Em plena Guerra Fria, a coordenação da junta de
governo estabelecida em 1979, nas mãos da esquerdista Frente Sandinista de
Libertação Nacional (FSLN), representava uma ameaça ao novo governo do político
republicano.
Sob esse argumento, Reagan decidiu implementar uma
das mais duras políticas intervencionistas na América Central para impedir a consolidação
do FSLN na Nicarágua.
Grupos armados de oposição, conhecidos como os
"Contras", chegaram a ser apoiados pela Casa Branca, apesar da
oposição do Congresso dos Estados Unidos.
Eugene Hasenfus, ex-fuzileiro naval dos EUA, fazia
parte do complô. E uma foto em que ele apareceu gerou um escândalo para o
governo norte-americano.
• A
captura
O avião de carga em que Hasenfus viajava foi
atingido em 5 de outubro de 1986 enquanto sobrevoava o sul da Nicarágua. A
aeronave, adquirida pela CIA, a agência de inteligência dos EUA, transportava
munições, rifles automáticos, botas para selva e documentos confidenciais.
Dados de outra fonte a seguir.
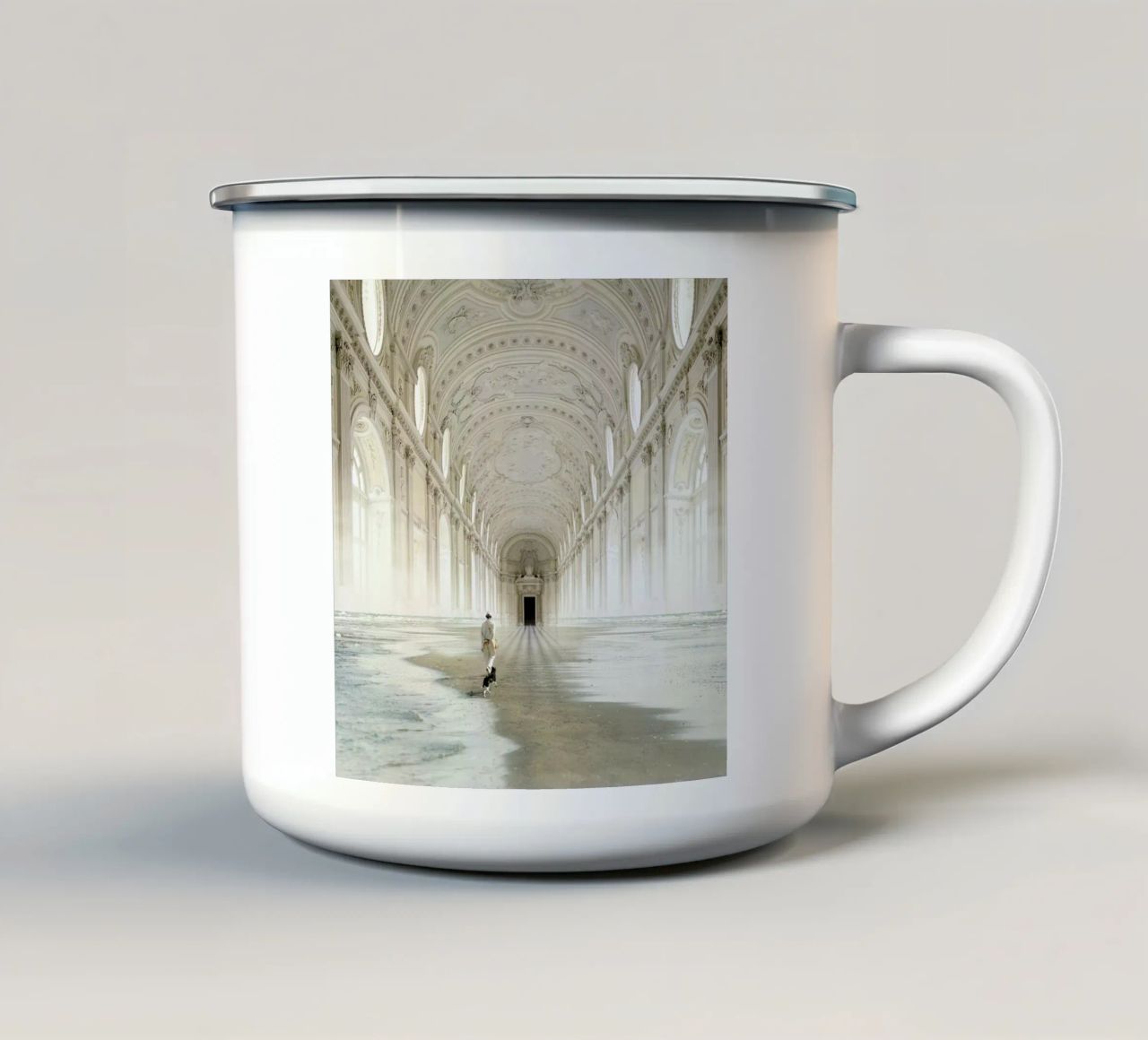 The Line enamel mug by Eugene Soloviev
Três pessoas morreram no ataque, incluindo o
piloto. Mas Hasenfus sobreviveu, foi feito prisioneiro e admitiu que trabalhava
entregando suprimentos para grupos armados de oposição nicaraguenses em uma
série de voos supervisionados diretamente por membros da CIA.
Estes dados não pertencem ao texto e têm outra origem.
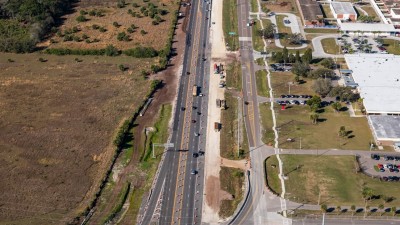 I-75 interchange improvements at Big Bend Road (February 2023)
"Eu sou culpado. Não posso dizer que não
estava lá, que não carregava armas pequenas e munições para a resistência. Tudo
o que colocaram no avião está lá", admitiu Hasenfus no momento de sua
captura.
A primeira reação de Reagan e membros da CIA foi
negar qualquer conexão com Hasenfus. Mas as provas da ligação estavam entre os
destroços do avião abatido.
Nesse local, foram encontrados documentos que
mostravam que o tenente-coronel Oliver North estava dirigindo o programa
ilegalmente a partir da Casa Branca.
O incidente revelou que alguns membros do governo
Reagan, juntamente com funcionários da CIA, estavam vendendo equipamento
militar ao Irã para tentar a libertação de reféns americanos. E o dinheiro
dessa transação estava sendo desviado para financiar grupos armados na
Nicarágua.
As manobras do governo violaram leis estabelecidas
tanto pela ONU quanto pelo Congresso dos Estados Unidos, que proibia a venda de
armas ao Irã e o financiamento de grupos armados da oposição nicaraguense.
O ocorrido desencadeou um escândalo político que
ficou conhecido como caso Irã-Contras, que rodou o mundo inteiro.
O fotojornalista Lou Dematteis conseguiu captar as
imagens que serviriam de prova.
• A
foto que percorreu o mundo
Dematteis estava na Nicarágua quando um colega em
El Salvador o avisou que aviões estariam transportando suprimentos dos Estados
Unidos.
Naqueles dias, ele recebeu um telefonema da agência
de notícias Reuters : "Ouvimos dizer que um avião de suprimentos partiu e
não voltou. Dizem que foi abatido. Deve haver alguém que sobreviveu. Queremos
que você verifique e faça fotos."
Dematteis sabia que não estavam pedindo qualquer
imagem. As fotos causariam uma tempestade política.
Mas o caminho não foi fácil. Dematteis não fazia
parte do pequeno grupo de jornalistas escolhidos pelo governo da Nicarágua para
cobrir a história. Mas ele não estava disposto a desistir.
Ele sabia que era uma oportunidade única de mostrar
seu trabalho .
Após insistência, o fotógrafo conseguiu entrar no
helicóptero que levava os jornalistas ao local do acidente. De cima ele viu
algo que o resto não tinha visto: no canto inferior esquerdo estava Eugene
Hasenfus cercado por um grupo de pessoas em uniforme militar.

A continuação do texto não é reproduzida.